Structuring information to provide narrative focus

Sorting for importance:

The beginning and the end of any set (a list, a sentence, a paragraph) are the positions of emphasis, which means that we can use them to direct the player’s attention. Postponing information to the end of a grouping can also have a humorous or surprising effect, if that information is incongruous with the tone of what’s gone before.

“Complex Listing” exists to help with this at the low level, since it lets the author create a table and sort it on whatever ordering principles he wants, and also create delimiters however he wants.

“Room Description Control” sets the order of paragraphs in a room description. (“Room Description Control” expects to be used with a set of “writing a paragraph about” rules that specify the actual form of the output. “Tailored Room Description” is one such set.) Something similar is possible with the default implementation of looking in Inform using “locale priority”. The use of locale priorities is exemplified in the example “Priority Lab”.

Unless we’re going for a humorous effect, we probably want to avoid lists like

You can see here a broken goldfish bowl, a gold ingot, a crumpled Snickers wrapper, the King of Sweden (naked), a deck of playing cards, two used toothpicks, President Obama, a swirling transdimensional vortex, and a cotton swab.

…because this totally fails to capture the way that a person looking at the room would prioritize objects.

In general, it’s a good idea to rescue human and other sentient characters from this kind of list entirely by giving them unique “writing a paragraph about” rules that change to reflect their attitudes and behavior: this makes them seem more like people and less like pieces of the furniture. Likewise, the swirling transdimensional vortex is probably a sufficiently surprising sight to deserve its own sentence, at least.

Even with that done, though, we might want to arrange the list to put the good stuff (say, the gold ingot) at the beginning; and for this purpose one might use “Complex Listing” to mark all treasures, or all items currently valuable to a puzzle, or whatever, with scores that indicate their priority, and then sort accordingly.

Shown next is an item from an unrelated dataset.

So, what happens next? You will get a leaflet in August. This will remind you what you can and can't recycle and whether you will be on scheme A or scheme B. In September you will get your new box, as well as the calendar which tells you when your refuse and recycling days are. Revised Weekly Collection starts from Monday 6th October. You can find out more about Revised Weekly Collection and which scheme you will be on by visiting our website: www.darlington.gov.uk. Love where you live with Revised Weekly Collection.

The same technique can be used to invert the order and put key objects at the end, if we prefer to make them appear as a surprise:

You can see here a broken goldfish bowl, a crumpled Snickers wrapper, a deck of playing cards, two used toothpicks, a cotton swab, and a gold ingot.

Not punchy enough? We could emphasize that ingot if we wanted:

Before printing the name of the gold ingot while listing nondescript items:
say "fantastically valuable ".

which would give us

You can see here a broken goldfish bowl, a crumpled Snickers wrapper, a deck of playing cards, two used toothpicks, a cotton swab, and a fantastically valuable gold ingot.

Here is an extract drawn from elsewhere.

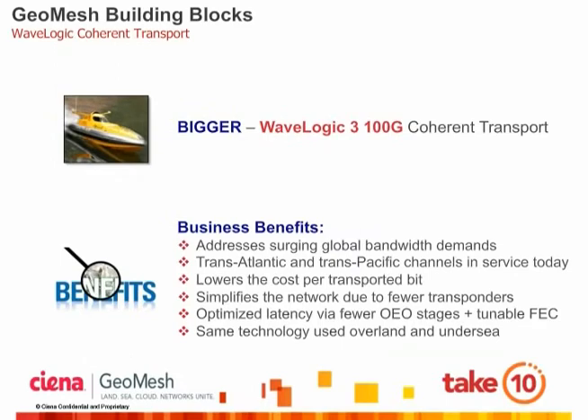Siena's 100-gig WaveLogic 3 allows network operators to cost-effectively scale their networks to address surging bandwidth demands. There are already several 100-gig WaveLogic 3-based network deployments in service today spanning both the Atlantic and Pacific Oceans. The greatly increased reach afforded by Siena's Soft Forward Error Correction allows termination points to be moved from the cable landing stations — typically situated near or on the beach — all the way inland to the destination central office or data center. Since WaveLogic 3 can be used over both terrestrial and submarine network segments, numerous benefits are enabled: less spares to manage, reduced complexity, increased reliability, lower latency, and an overall easier network to manage end-to-end.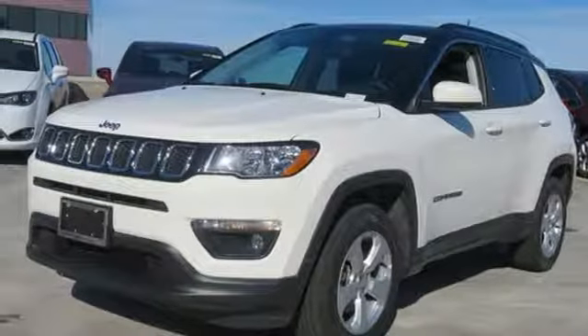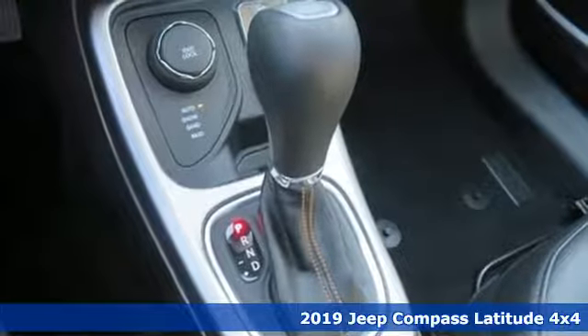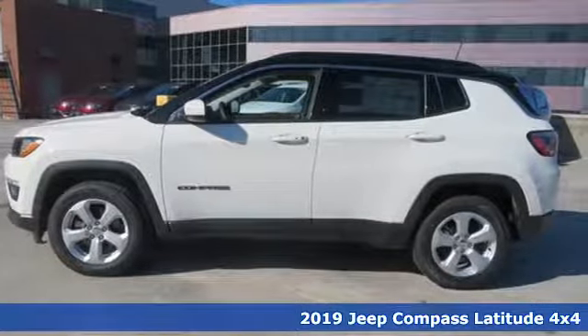It's a new 2019 Jeep Compass. The adventure you're dreaming of becomes a reality in this Compass, and it comes with all the amenities you need.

Or we could underline the afterthought joke:

You can see a broken goldfish bowl, a deck of cards, a crumpled Snickers wrapper, a cotton swab and two used toothpicks here.

Oh! And also a gold ingot.

In the standard Inform implementation, this could be achieved as shown in the “Priority Lab” example; in “Tailored Room Description”, by tweaking the paragraph for description of “deeply dull” items to save this item for last.

Grouping: Items that are related to one another are often best presented as a group or set:

You can see here a pair of playing cards (the Jack and the Queen), a poker chip, and a five-dollar bill.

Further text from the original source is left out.